Quando o Rio Branco-PR conseguiu a classificação para a semifinal do segundo turno do Campeonato Paranaense, que seria disputada contra o Athletico, Cassiana Kotzias já sabia que estaria, mais uma vez, no banco de reservas.

A médica de 31 anos, natural de Paranaguá, litoral do Paraná, já havia feito parte da delegação contra o Foz do Iguaçu, em 10 de fevereiro. Na ocasião, atendeu às duas equipes. Porém, a partida do último sábado, que terminou com a classificação do Athletico, marcou sua primeira aparição em um grande estádio.
O que ela não sabia era do próprio pioneirismo. Com duas oportunidades, Cassiana foi a única mulher a sentar no banco de reservas em todas as 71 partidas do Campeonato Paranaense de 2019.
- Eu não imaginei que tivesse sido a primeira, não. Espero que, realmente, outras mulheres se inspirem a participar cada vez mais do futebol, que ainda é um esporte muito voltado pro meio masculino. Mas, aos poucos, nós vamos conquistando nosso espaço, pela nossa capacidade profissional, independente de sexo ou gênero.

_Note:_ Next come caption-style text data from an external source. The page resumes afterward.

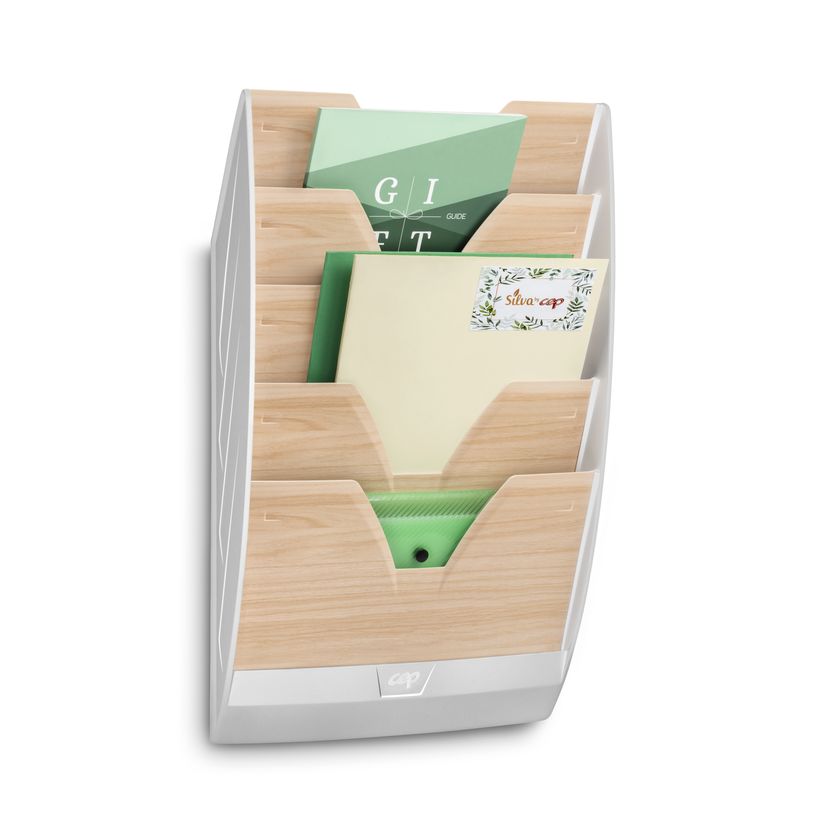 3462159017815-CEP ReCeption 154 - Trieur mural 5 compartiments jusqu'à 24 x 32 cm - blanc/hêtre-P_405139277_1-0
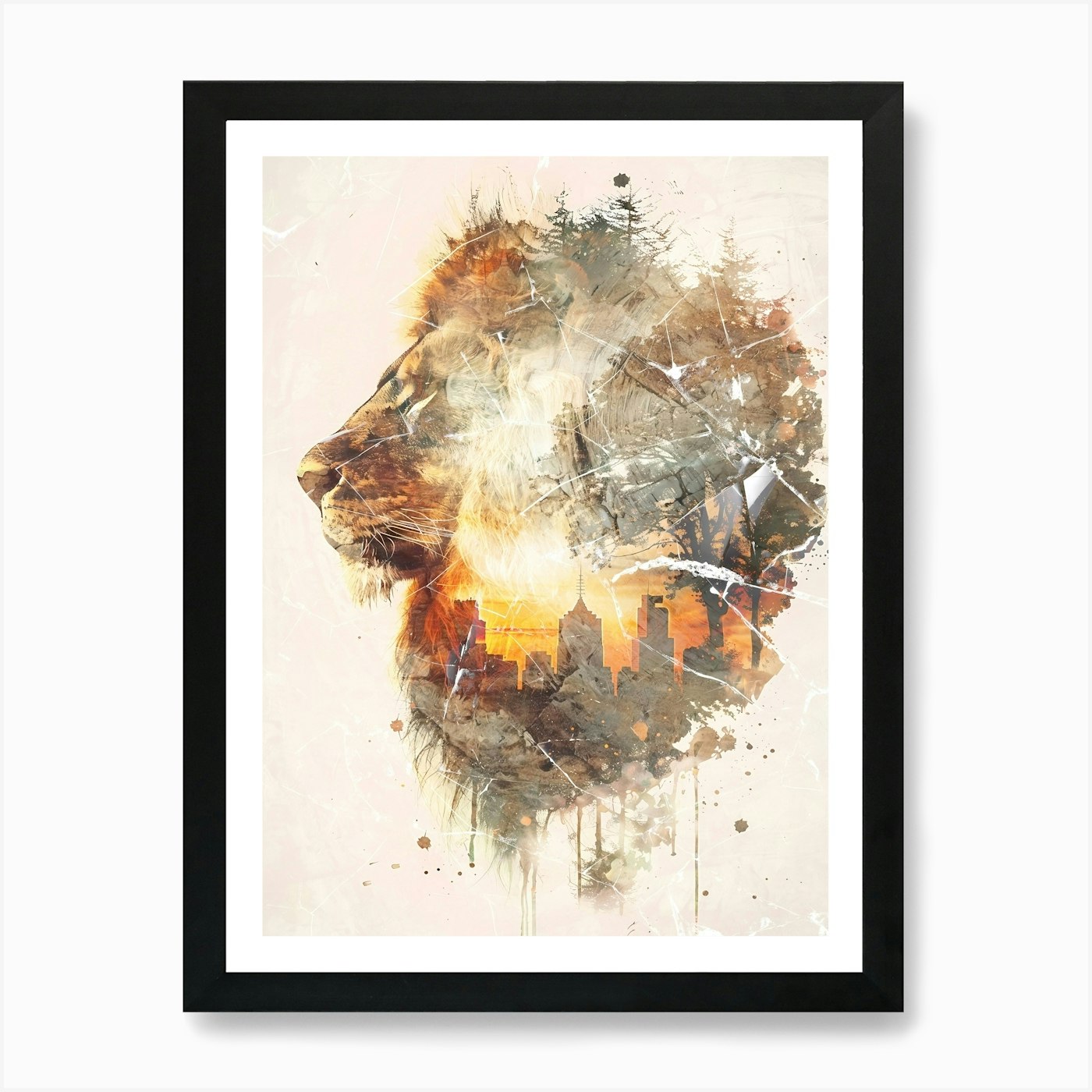 Poster Lion Africa Wild Animal Illu Framed Wall Art Poster Canvas Print Picture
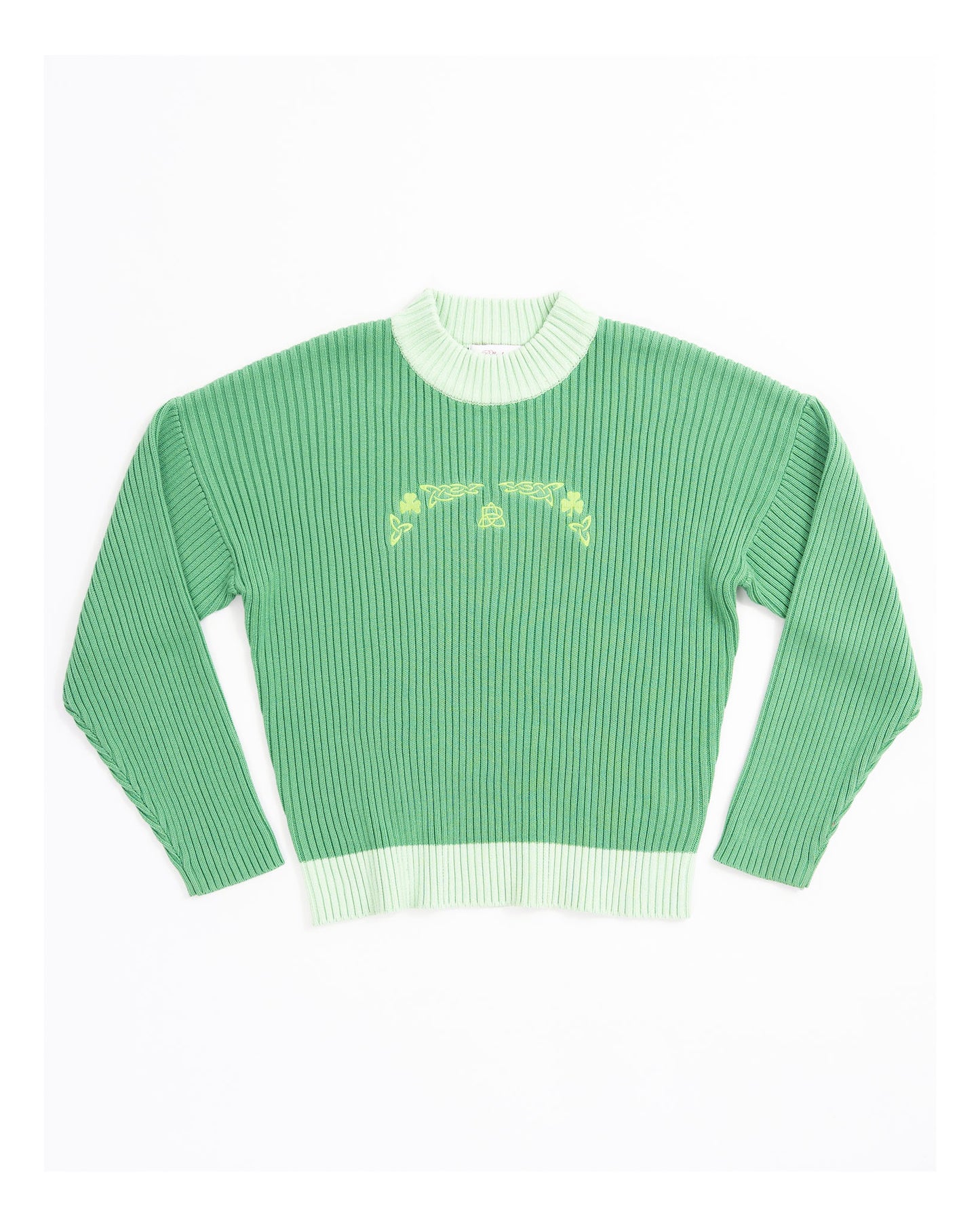 Embroidered Ribbed Knit - Green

Cassiana Kotzias em atendimento na partida contra o Athletico — Foto: Ricardo Muiños/RPC
Cassiana Kotzias em atendimento na partida contra o Athletico — Foto: Ricardo Muiños/RPC
Quase sem querer
De acordo com a súmula da partida, Cassiana ficou no banco de reservas porque o médico do Rio Branco-PR, Lucas Nitsche Rocha, não pôde de acompanhar a delegação "devido a atividades profissionais". O convite, nas duas oportunidades, partiu do vice-presidente do conselho gestor, Henrique Almada, que é amigo de infância da médica e sabe da afinidade dela com o futebol.
- Aqui em casa, minha família sempre foi bem ligada no esporte, e acho que isso acabou passando pra mim. Gosto tanto que estou me especializando em Nutrologia e Medicina Esportiva, pretendendo ser bem atuante nesta área voltada ao esporte em geral e performance.
A médica conta que se sentiu à vontade e foi bem recebida por toda a equipe. Inclusive, nos momentos em que demonstrou autoridade. A reportagem flagrou Cassiana dando uma "bronca" para que alguns jogadores, que ainda estavam no banco, se juntassem aos colegas que faziam o aquecimento. Ela também reporta que não passou ilesa aos comentários impróprios, que às vezes vinham das arquibancadas.
Sempre rolam alguns comentários, né? Mas ali no jogo tem que ser o mais profissional possível e focar no andamento do jogo e do time.
Com a eliminação do Rio Branco-PR do estadual e um calendário vazio para o restante da temporada, Cassiana já faz planos para o ano que vem. O time se manteve na primeira divisão do Paranaense e aguarda a confirmação de uma vaga na Série D de 2020.
- Agora, estou mantendo contato com a comissão do Rio Branco para acompanhar o time e participar de outros jogos. Estamos aguardando se o time vai conseguir uma vaga na Série D do Brasileiro. Se isso acontecer, acho que serei vista no banco outras vezes - torce a médica.